なんで壊してから、こんなみっともないことになるのだろう。
まったく腹が立つ笑い話?だ。「伝統的な国立競技場で再びオリンピック」の大見出しを期待したのに、壊してしまってから、金がない。
おまけに、時間もないという。

かつて、愛知万博が「自然との共生とか自然の叡智」などと、結構な謳い文句で海上(かいしょ)の森の自然を破壊し、万博終了後は
高級住宅地や研究学園都市にしようと企んだ地方の行政や関係業界のもくろみは、さすがに、健全な世論に押されて妥協が成立し、
海上の森は、かろうじて保護された。そうした経過がそれまでほとんど見向きもされなかった瀬戸市海上の森の知名度を上げ、現在に
至ってもハイカーたちで賑わっている。この場合は「終わりよければ全てよし」で、お手を拝借ばんばんさいだが、国立競技場はどうなる
のだろう。

スポーツ選手たちの多くは、贅沢三昧なハコよりも安く使える場所がいいと本音をはくのに、慣れ親しんだ国立競技場は既にない。
バブル経済最盛期に本四架橋を3本も造ってしまって、その後の維持管理費もままならない事態に懲りたはずなのに、そのうえ借金だ
らけの国家財政を知りながら首相は人気取りか国会での焦点ぼかしか、その両方をもくろんでか、度重なる外遊で大盤振る舞い、公私
混同の勝手な約束、おまけに他国の戦争に助っ人しましょうという。財政破綻状態のギリシャを対岸の火事扱いでは済まされない事態
がこの国には確実に近づいてくる気がする。

安保法制にしろ、沖縄辺野古への米軍基地移転問題しろ、あまりにも明らかな民意を無視してはばからない自公政権の度重なる横暴
に辟易している。
戦後70年。わたしは、すでに75歳。この世で先々悪夢を見る前に向こうの世界からお誘いがあったら、遠慮しないで出かけましょう
か。迎えてくれるご先祖様に、色々あったけれど、いい人生でした・・とご報告ができるうちに。

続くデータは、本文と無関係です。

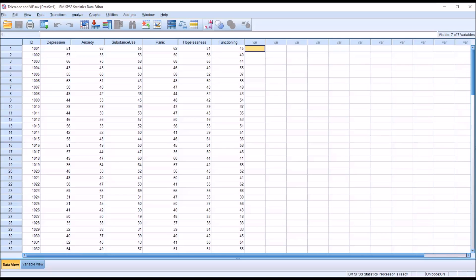Welcome to my video on Understanding and Identifying Multicollinearity using SPSS. Multicollinearity is when two variables are highly correlated, and oftentimes in counseling research, this construct is of interest to us when we're conducting a regression.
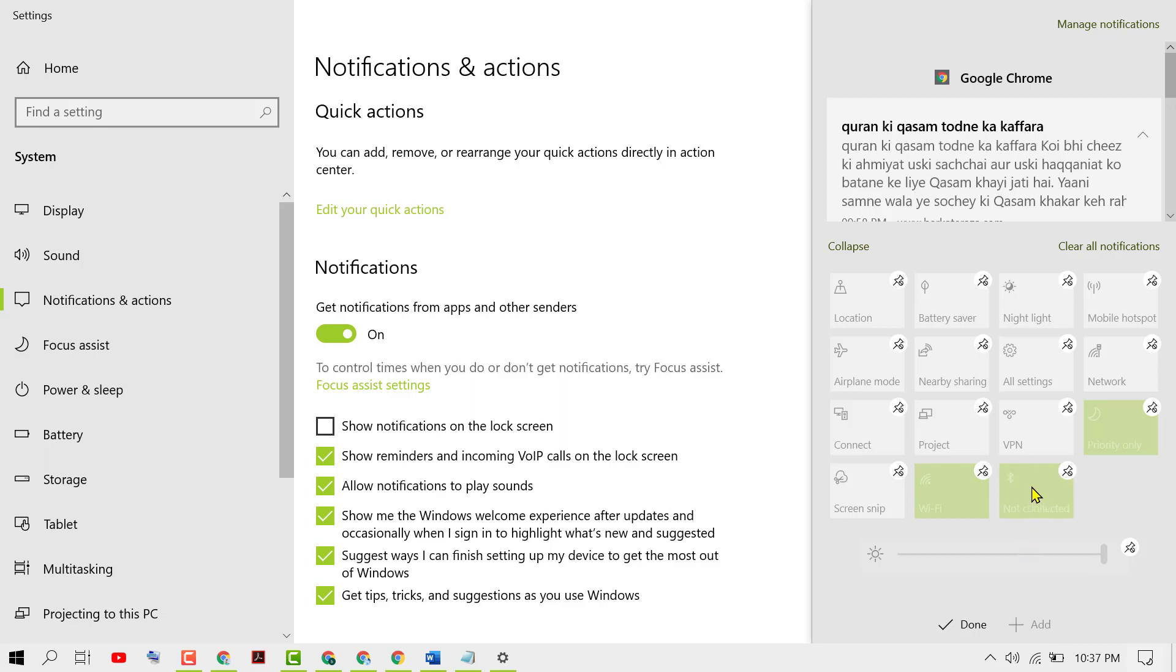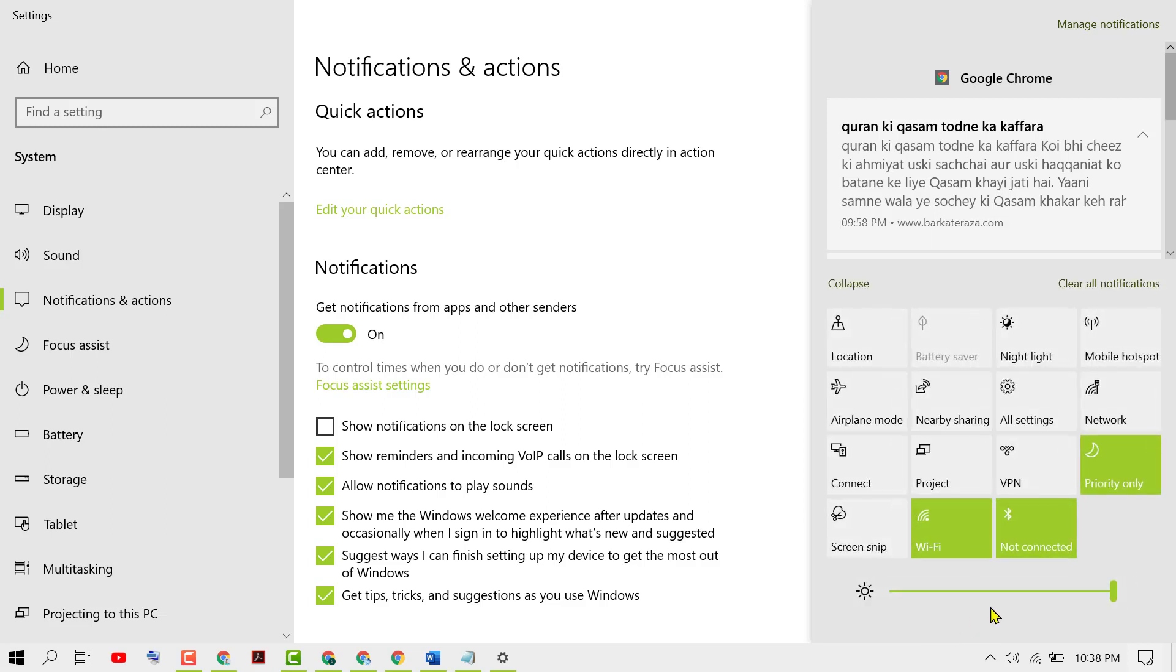As we can see, now this Bluetooth icon is up here. Click on done. That's it. Now you can manage Bluetooth from this action center.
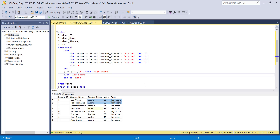In this tutorial, we learned how to use a simple CASE statement, a searched CASE statement, and a nested CASE statement. If you liked the video, please leave a thumbs up, subscribe to my channel, and let me know if you have any questions. Thank you for watching.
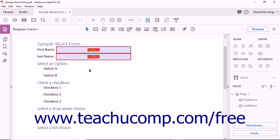To add a radio button to a form, start by clicking the Prepare Form tool found in the tool center or the tools pane. If the open document has not yet been converted into a fillable form, Acrobat prompts you to convert the file. If the open document has already been converted into a fillable form, Acrobat displays the Edit Form screen.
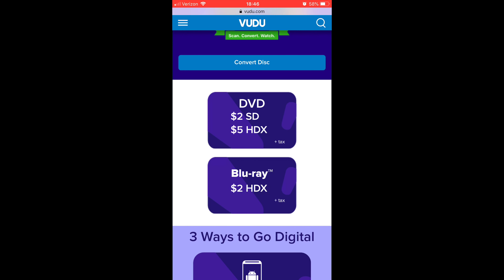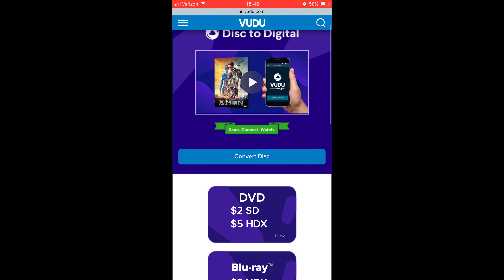These are the prices: if you scan a DVD, you get two options — you can leave it in standard definition, or go up to five dollars to get it in HDX, which is 1080p. If you have a Blu-ray like I do, then you pay two dollars.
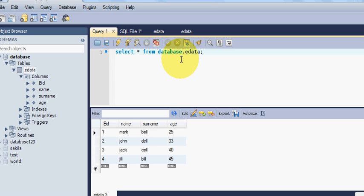So in this way you can show and you can use SELECT statement using MySQL. I hope you have learned something new this time. Please rate, comment, and subscribe, and bye for now.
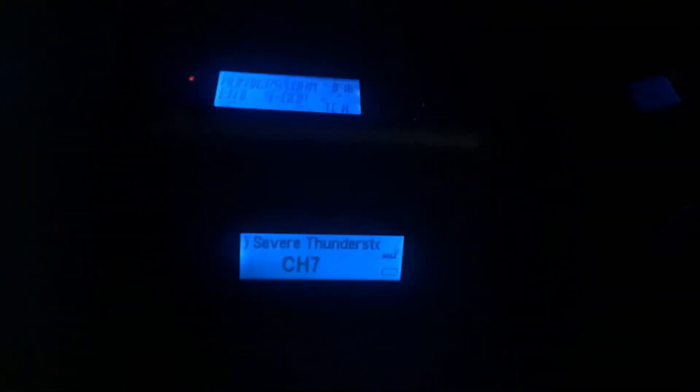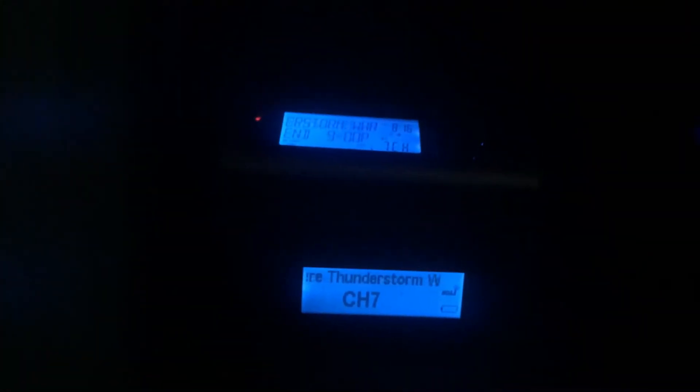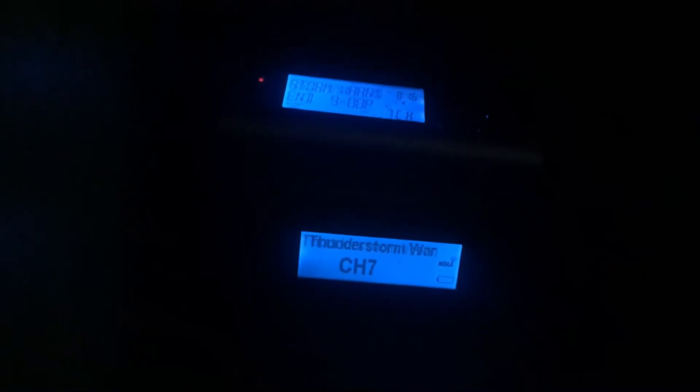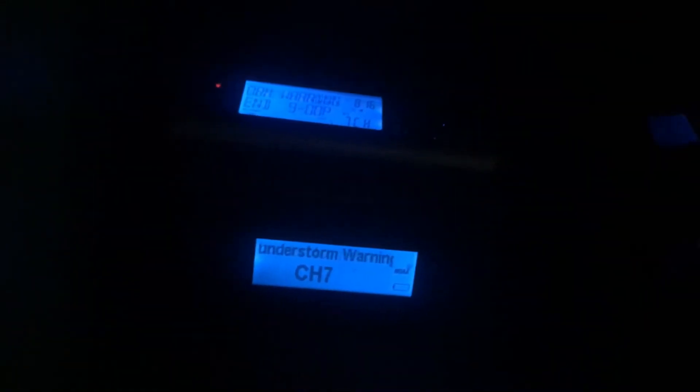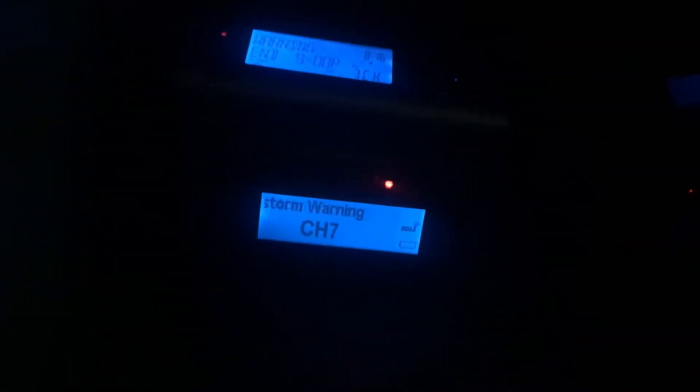Hazard: 60 miles per hour wind gusts and quarter-size hail. Source: radar indicated. Impact: minor hail damage to vehicles is expected. Expect wind damage to trees and power lines.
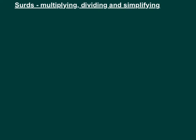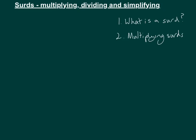In this video we're going to be looking at surds and how we multiply, divide and simplify them. The first thing we're going to look at is what a surd is. Then we'll look at multiplying surds and simplifying our answers. The third thing is dividing surds, and finally we'll look at how you go between simplified surds and unsimplified surds.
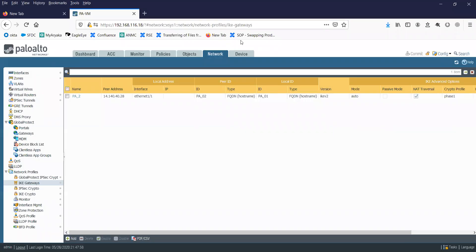Hi friends, welcome to my channel. Today I'm going to show you how to configure an IP address on an interface in Palo Alto firewall.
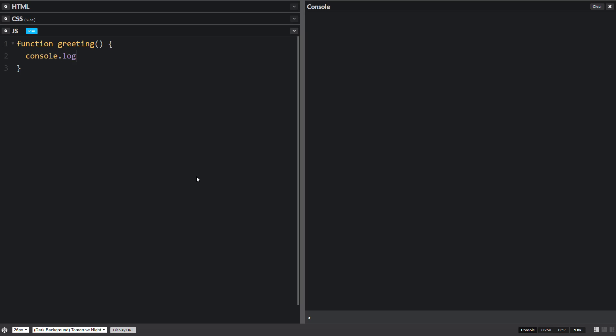Now all it's going to do is say hi, just a simple little greeting. Now if we try to run this it doesn't do anything because we haven't called this function. Functions only work or only get ran when we call them. The name of this function is greeting and then we put two parentheses and a semicolon and we get hi.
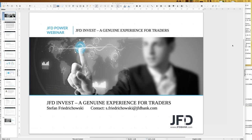Welcome everybody to our next webinar at JFD Bank. We talk today about JFD Invest, a genuine experience for traders. My name is Stefan Friedrichowski. As always, when we talk about JFD Invest in the English version, you may know that we have a German webinar for the same topic as well, normally on Friday afternoon done by Christian Kemmerer. A warm welcome in the name of JFD.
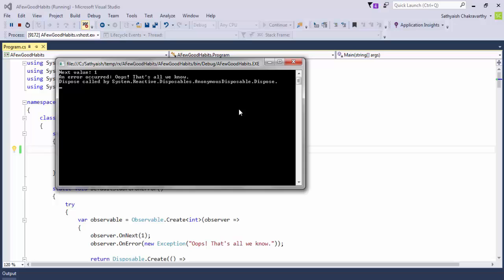In summary, always call dispose on your subscriptions and always provide an onError handler if nothing else. It's always good to provide an onCompleted handler because there may be never-ending sequences. And you cannot get away by not providing an onNext while providing the other two — you could provide none of them, but then what's the point of subscribing?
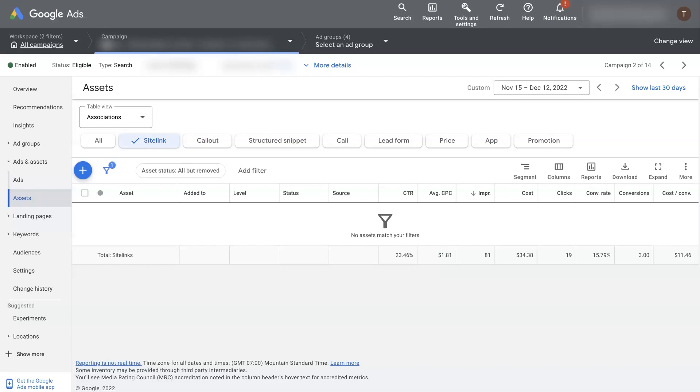So let's talk about how to add sitelink extensions in Google Ads. It's actually a pretty straightforward process.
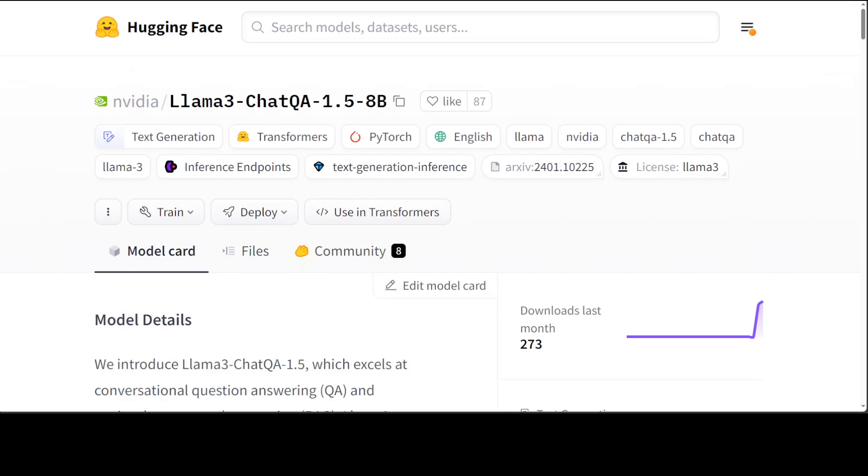This fine-tuned Llama3 8 billion from NVIDIA which is called ChatQA 1.5 is one such model. It comes in two flavors, 8 billion and 70 billion. It excels in conversational question answering QA and retrieval augmented generation.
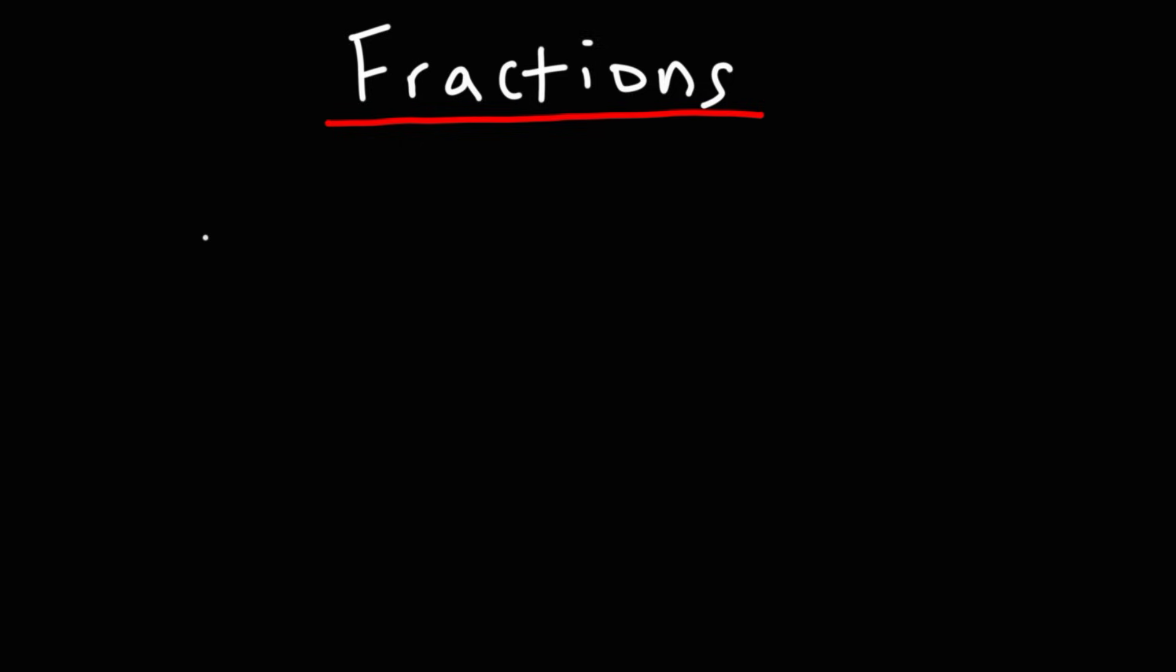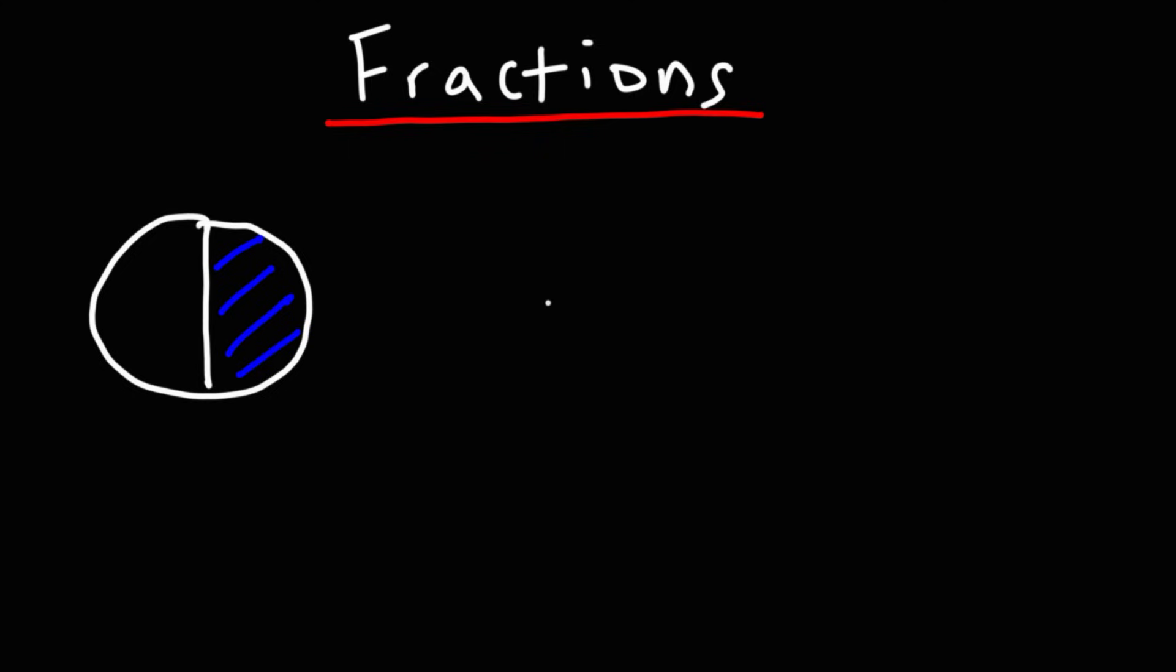So let's say we have one whole circle, and we break it into two parts. And let's shade just one portion of the circle. So here's a question for you: What fraction of this circle is shaded? There's two parts, but only one out of the two parts is shaded. So the fraction would be 1 over 2.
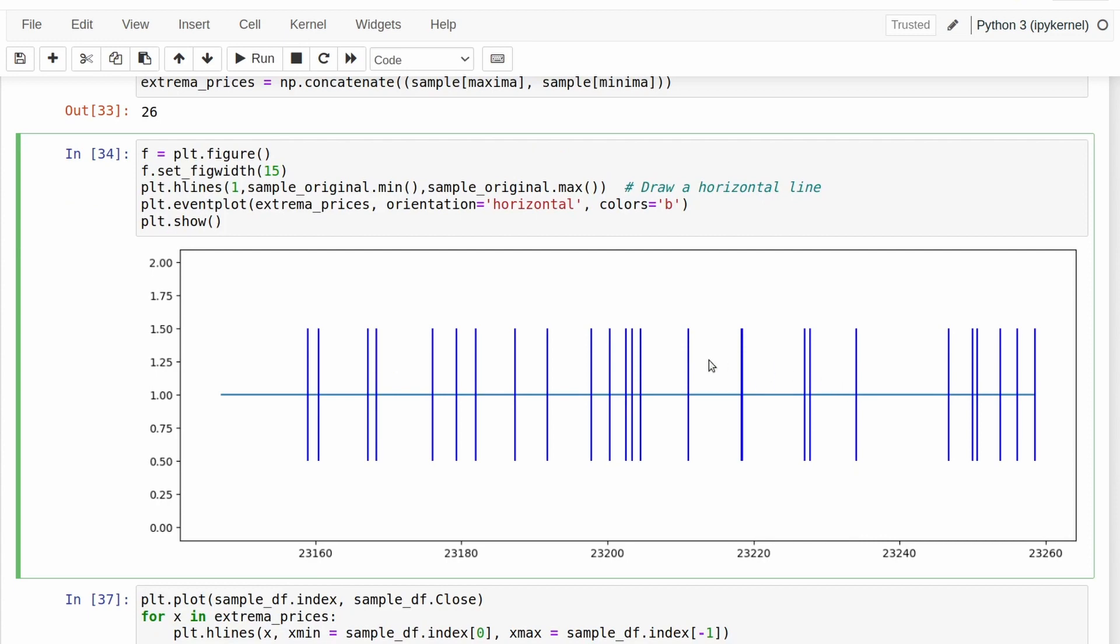These sort of bunch together in certain areas, but we need a systematic method of figuring out where the optimal middle point is of these different bunches and which ones are just noise, whereas which ones are actually telling us something that there is actually a line of resistance or support there.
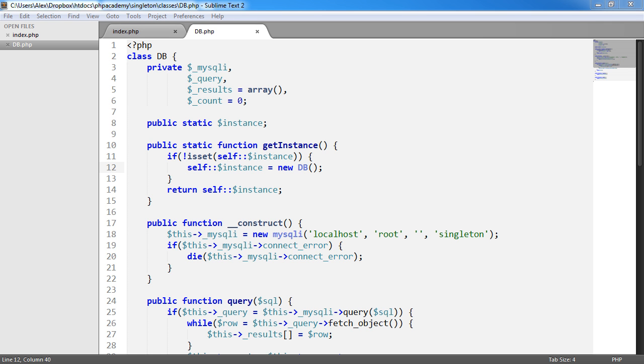So that's the PHP singleton pattern. We've created a database wrapper that allows us to connect to a database, query it, and return results.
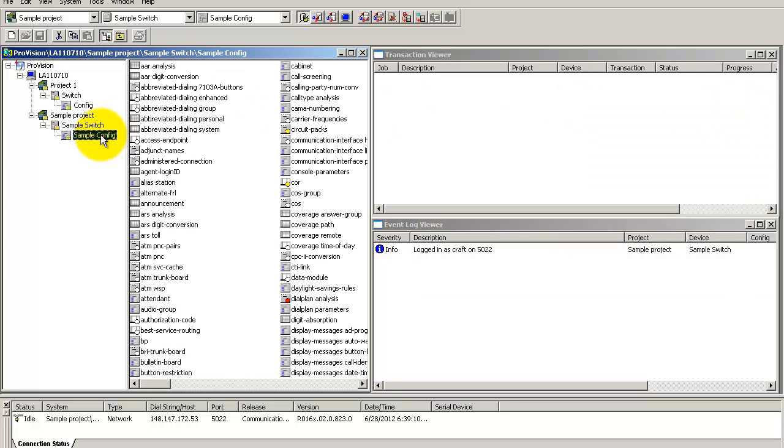You need to configure the tables based on the design of your enterprise. For example, let's configure the dial plan analysis table.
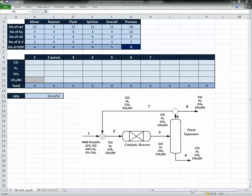Hello everybody. In this video we're going to continue what we were talking about last time — the material balance for reactive systems with recycle streams. Last time we discussed the theory and technique, and today we're going to get the calculations done in Microsoft Excel and see how this is easier than it looked before.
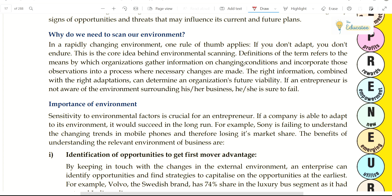The core of environmental scanning is defined as the means by which an organization gathers information on changing conditions and incorporates those observations into processes where necessary changes are made. Organizations gather information about what conditions are changing, and then process and evaluate what impact those changes will have on their business, and take necessary action.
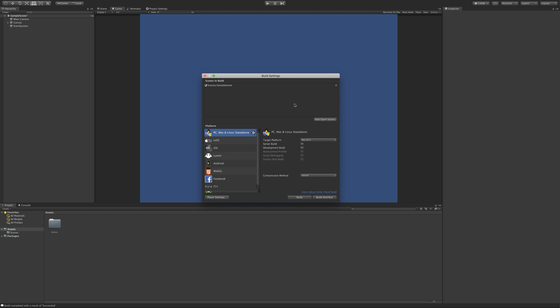In the build settings, we have this window here that says Scenes In Build. The only thing you really have to know about that is that Unity needs to know about all the scenes that you want to include in your final build. By default, the first scene that gets created is actually in the build, and that's your default scene. If you've got more scenes that you need to add to your build, like as you progress with your game and you create more levels, which should be scenes, you would have to add those scenes into your build right here.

文章の締めくくり部分は立花隆の「臨死体験」の読み過ぎによる副作用みたいです。
新国立競技場はこの原稿をまとめた日(7月17日)白紙に戻し出直しとか。
世論に押されて・というより安倍政権の支持低落を食い止めたかったのだろう。
新国立競技場はともかく、首相と政権の人気取りには、今さら手遅れ・を期待している。平成27年7月

8月18日。安保法案は、ついに参議院で可決成立してしまった。
国会議事堂の周辺、地方の大都市などで民衆運動による大規模な抗議行動を尻目に、多数決で押し通してしまった。
多数決と民主主義の在り方に一石を投じる2015年8月18日は、70年目の不幸な歴史のはじまり・として記憶されることになるのかも。